Emily Andre is not ruling out having a third baby with her husband Peter Andre.
The busy working doctor has also told how cutting out drinking lets her run her busy life, and why she is promoting the importance of having vitamins as part of a balanced diet.
Emily, mum to Amelia, eight, son Theo, five, with father-of-four Pete, 49, told Mirror Online on Thursday (01.09.22) about the possibility of having another child with the ‘Mysterious Girl’ singer: “I’m not ruling it out. At the moment, I just feel like Theo has started school and I think, ‘Oh, it’s so nice’.
“There are no plans for kids at the moment. Maybe, at some point in the future but at the moment I really enjoy my job. I’m loving being a mum and I’m just really happy.”
Emily admitted she can suffer “mum guilt” as she juggles her challenging job with the NHS and childcare.
Emily added a teetotal lifestyle helps after she gave up booze nearly 10 years ago.
She stopped drinking after having daughter Amelia and said she only had a sip of Champagne at her wedding to Pete in 2015.
Emily said: “No alcohol has passed my lips – apart from cooking. I’m quite sociable, quite chatty so I don’t really miss it in a social situation. I definitely don’t miss the hangovers or the taste. I kind of just thought, ‘I’m doing it for social pressure’.
“I just never really started again. I don’t look back. It made me feel so much better, I feel so much happier and I sleep better.”

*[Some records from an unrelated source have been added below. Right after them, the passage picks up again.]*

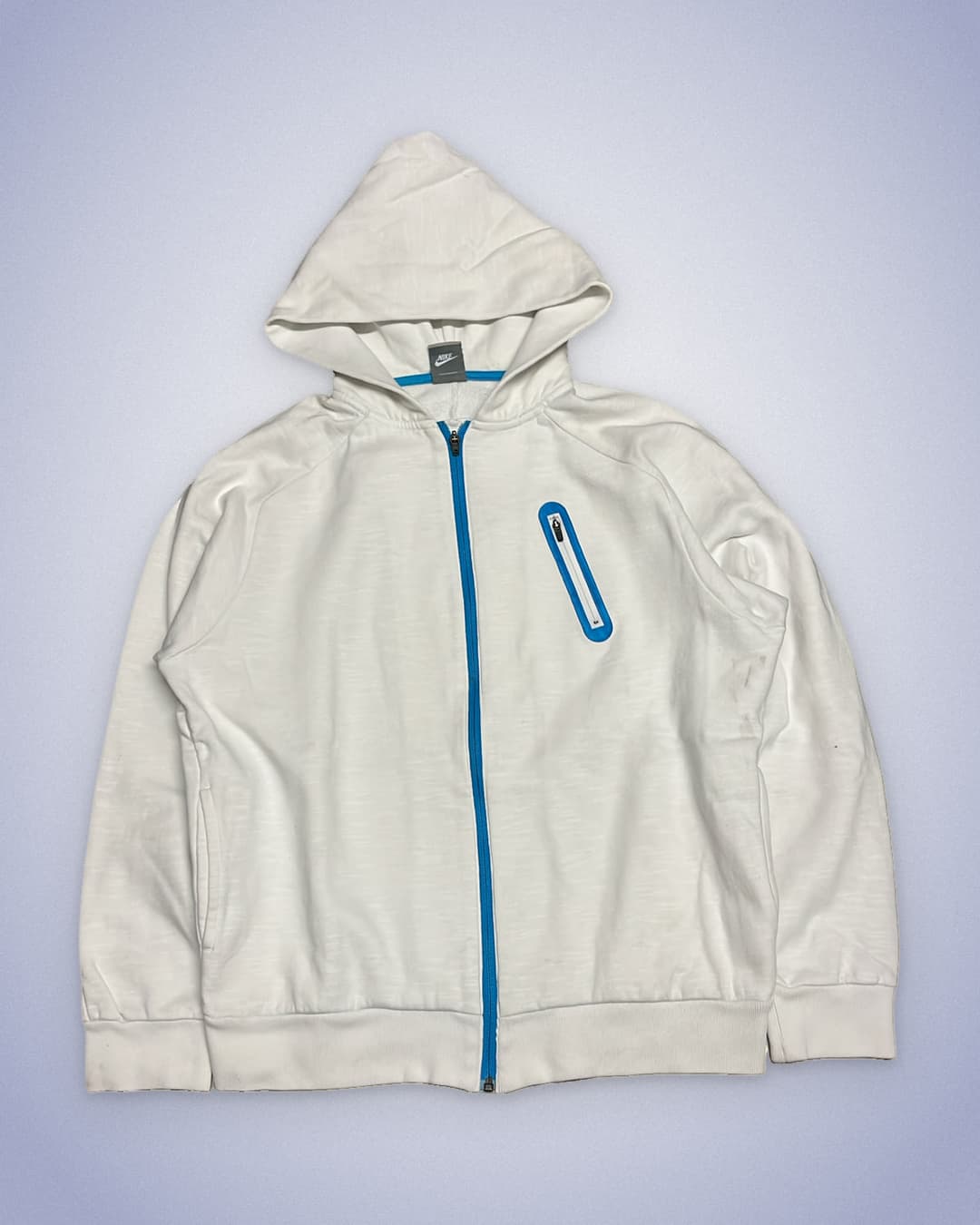 Nike Tn Zip-Up White/Blue — 2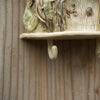 Woodland Treehouse Wall Hanging with Two Hooks ( Option to add flowers as Vessel Is open at top) Charm owl and Flower Details (11cm height x 5cm width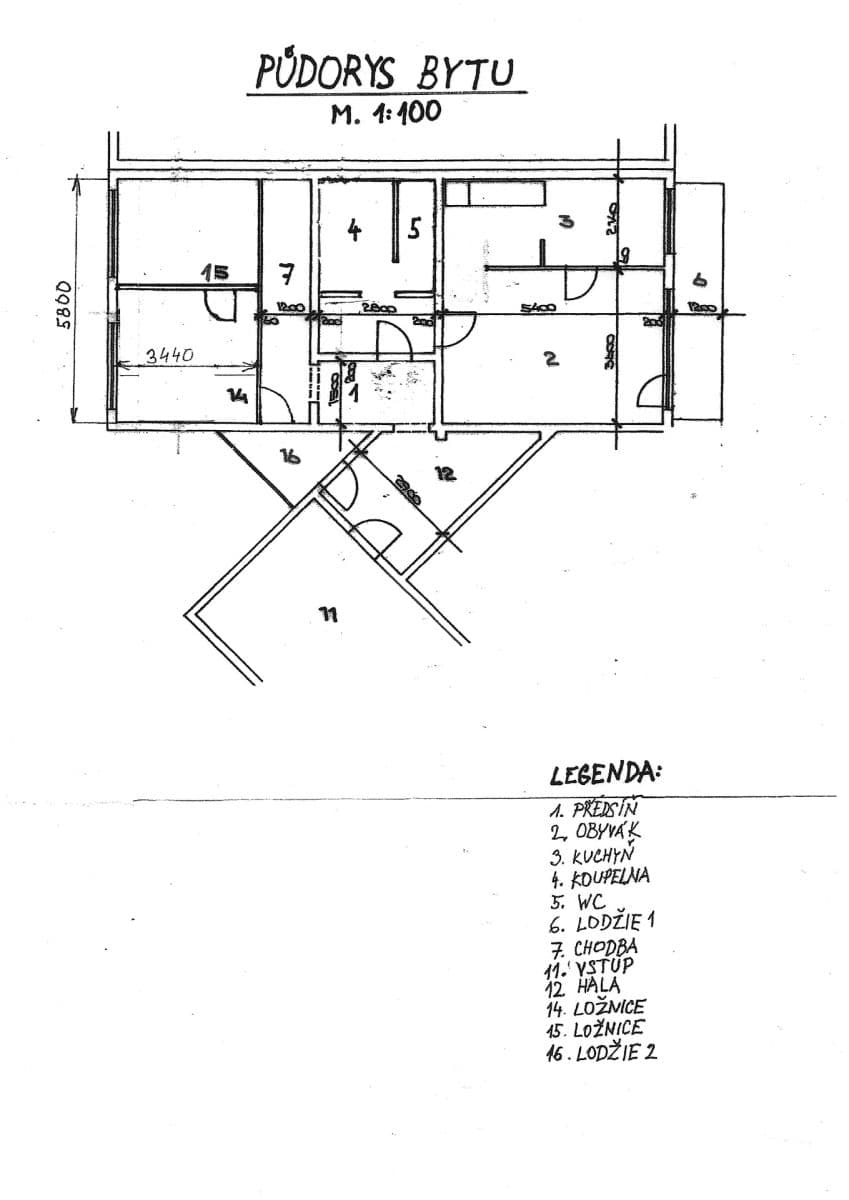 Prodej bytu 3+1 101 m², U Jezera, Praha, Praha Prodej bytu 3+1 101 m², U Jezera, Praha, Praha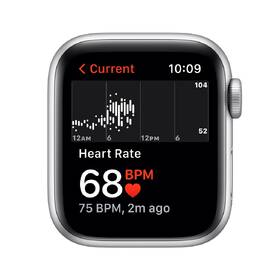 Chytré hodinky Apple GPS, 40mm pouzdro ze střírbného hliníku - platinový / černý sportovní řemínek 

 obrázek produktu 3 z 5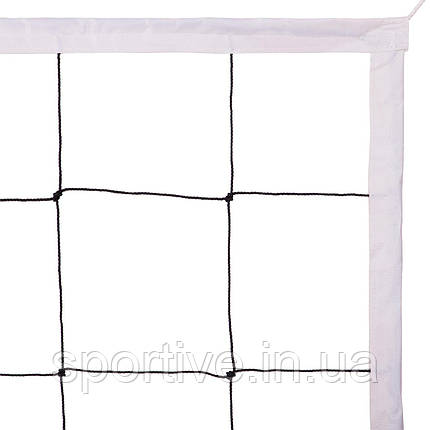 Сітка для волейболу SP-Planeta «China Model Norma 69» SO-7466 (синт. шнур 2,5 мм, р-р 9x0,9 м, комірка, фото 1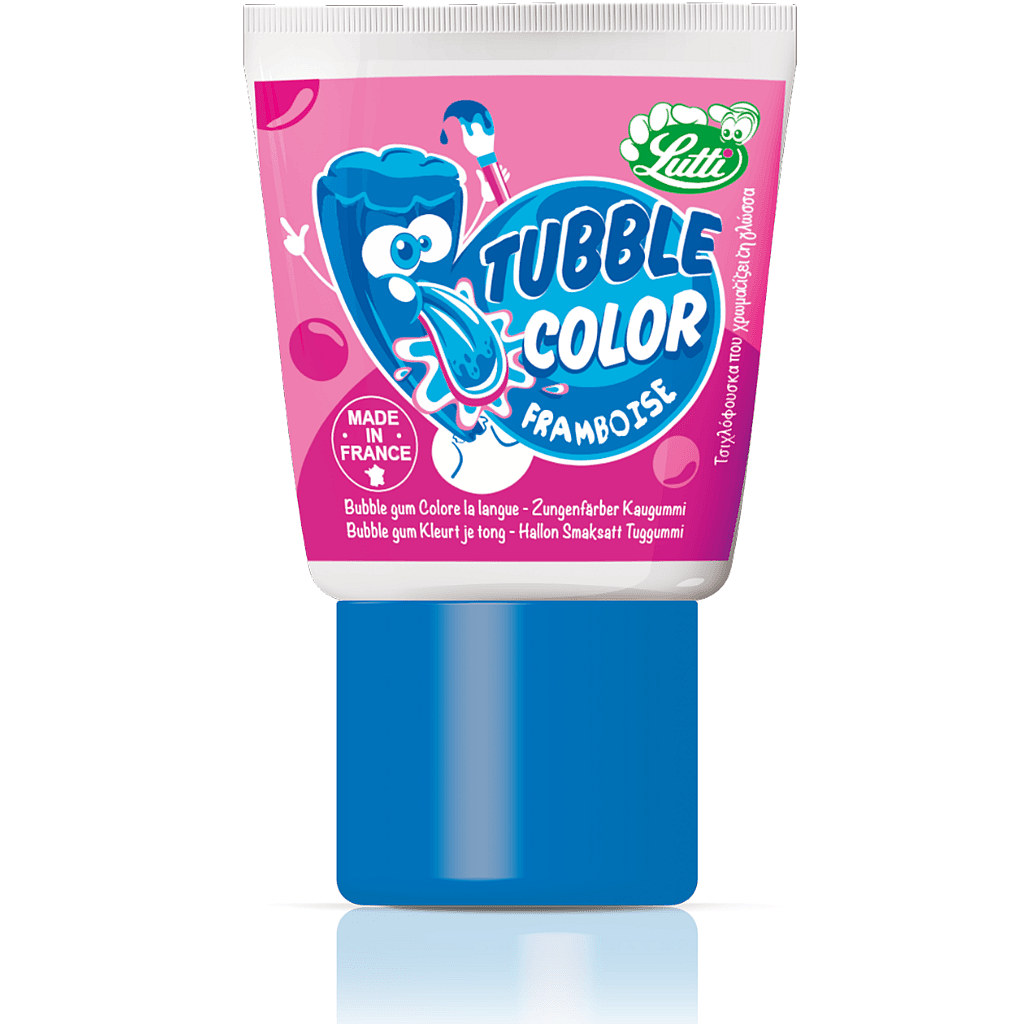 Kramtomoji guma TUBBLE GUM (RASPBERRY), 35g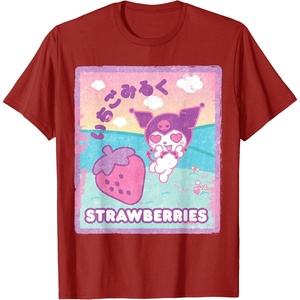 image:imageKuromi Strawberry Milk TShirtCranberry Red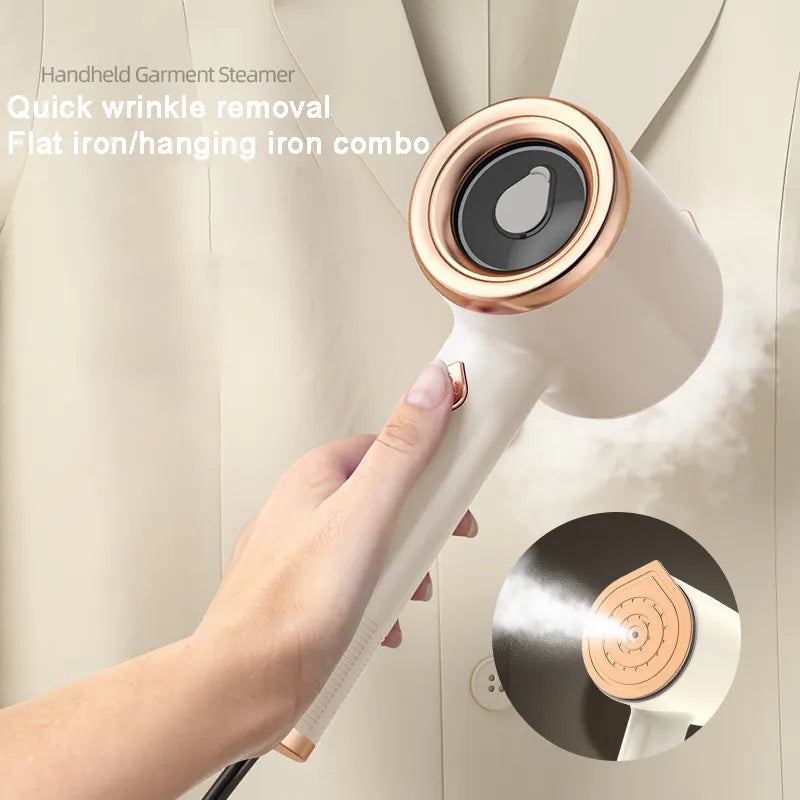 Portable Mini Iron for Clothes – Compact Travel Steamer for Quick Wrinkle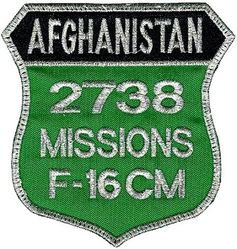 555th Expeditionary Fighter Squadron F-16CM 2738 Missions Operation ENDURING FREEDOM 2015 
Total missions flown from Bagram AB. Italian made. 
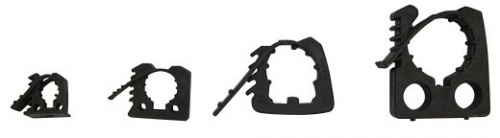 UPRACKS AGGANCI UNIVERSALI LACCIO IN GOMMA DA 69mm A 88mm - COPPIA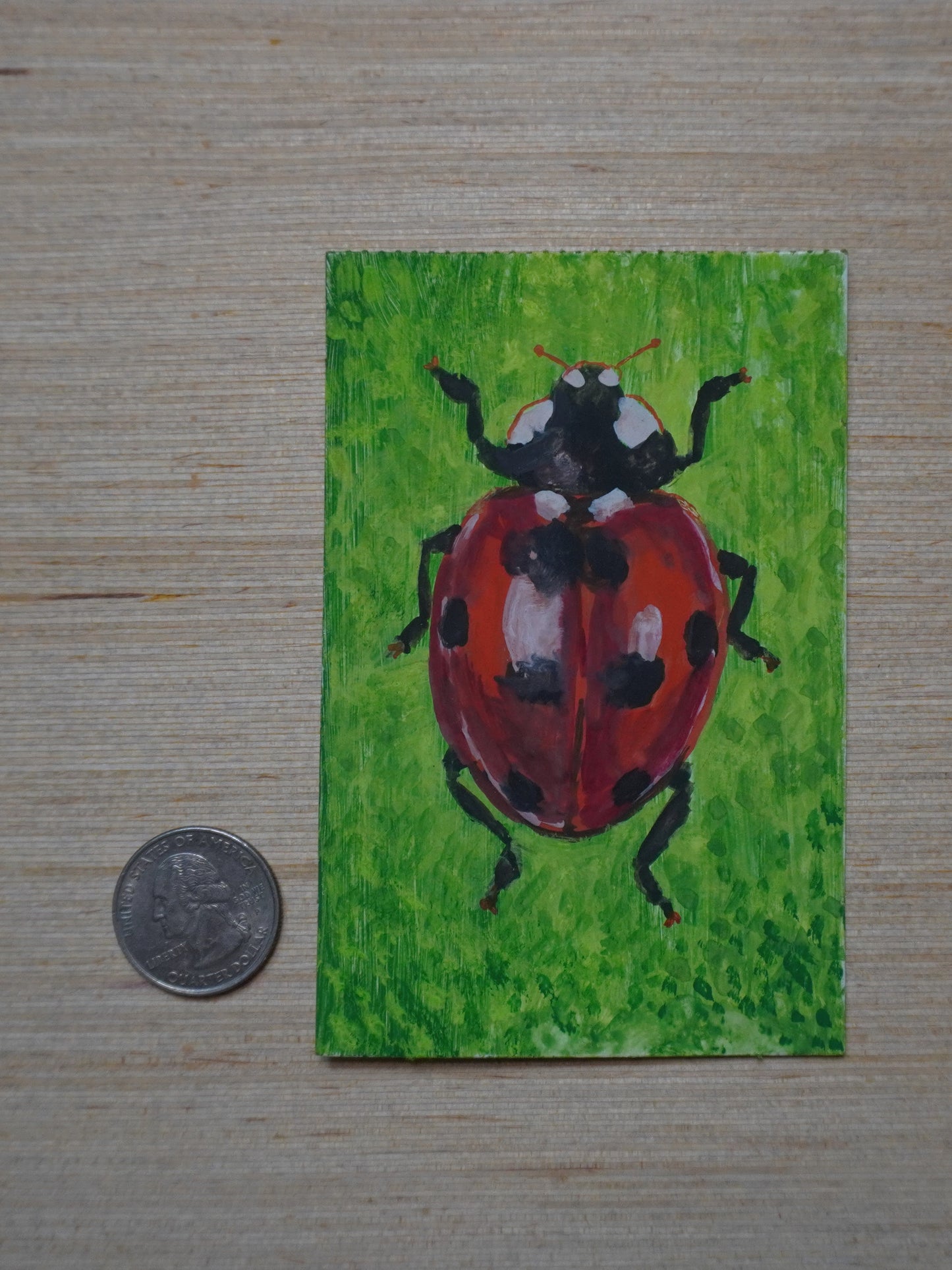 Mini Ladybug Painting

Pete also gave up booze shortly after Emily, with the doctor adding: “He thought, ‘I’m not going to go and buy a bottle of wine and have it by myself’.
“He just followed me really and we both realised it’s been a positive thing for us. For our health and just in general. It wasn’t for a moral thing or anything like that.
“I don’t have any problem with people drinking, I just realised it wasn’t something I needed in my life.”
Emily’s latest health mission is to highlight how Britons should adopt a balanced diet with contains plenty of iron and vitamin B12, as a frontwoman for the Agriculture and Horticulture Development Board’s ‘We Eat Balanced’ campaign.
It comes after research showed 35% of women surveyed say they have been diagnosed with an iron deficiency.
Emily said: “The fact that so many women and girls are already affected by low iron levels or suspect they may be iron deficient is worrying because iron is an important mineral that’s involved in various bodily functions including to help support the immune system and the symptoms – including tiredness and lack of energy – can impact daily life.
“What better way to bring attention to this issue than by turning myself into a real-life iron woman for the day in support of AHDB’s We Eat Balanced campaign.
“Eating a balanced diet is key to helping us get the wide range of nutrients that our bodies need, and there are plenty of cost-effective options available too.”